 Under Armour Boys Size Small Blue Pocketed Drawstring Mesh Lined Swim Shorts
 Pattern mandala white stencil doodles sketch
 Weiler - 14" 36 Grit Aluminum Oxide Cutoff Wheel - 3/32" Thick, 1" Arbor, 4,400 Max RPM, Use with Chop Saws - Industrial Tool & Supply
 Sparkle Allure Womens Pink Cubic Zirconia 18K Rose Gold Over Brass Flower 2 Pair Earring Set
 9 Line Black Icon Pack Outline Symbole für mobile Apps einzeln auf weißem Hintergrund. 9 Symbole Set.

* * *

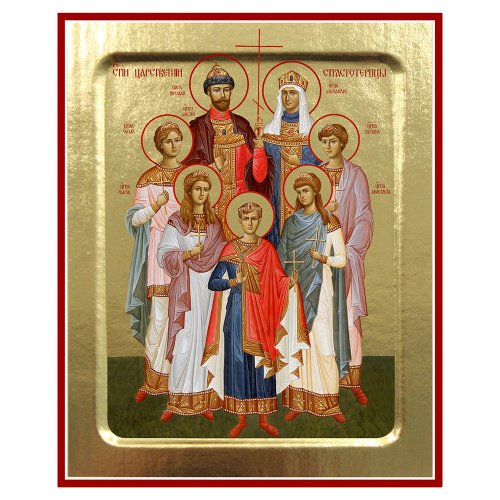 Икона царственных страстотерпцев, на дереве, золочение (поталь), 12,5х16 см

— Required work —
Here the output must be the lines above from the line with "Under Armour Boys" to the line with "Tool & Supply", both included, duplicated word for word and nothing else.

— Output for this task —
 Under Armour Boys Size Small Blue Pocketed Drawstring Mesh Lined Swim Shorts
 Pattern mandala white stencil doodles sketch
 Weiler - 14" 36 Grit Aluminum Oxide Cutoff Wheel - 3/32" Thick, 1" Arbor, 4,400 Max RPM, Use with Chop Saws - Industrial Tool & Supply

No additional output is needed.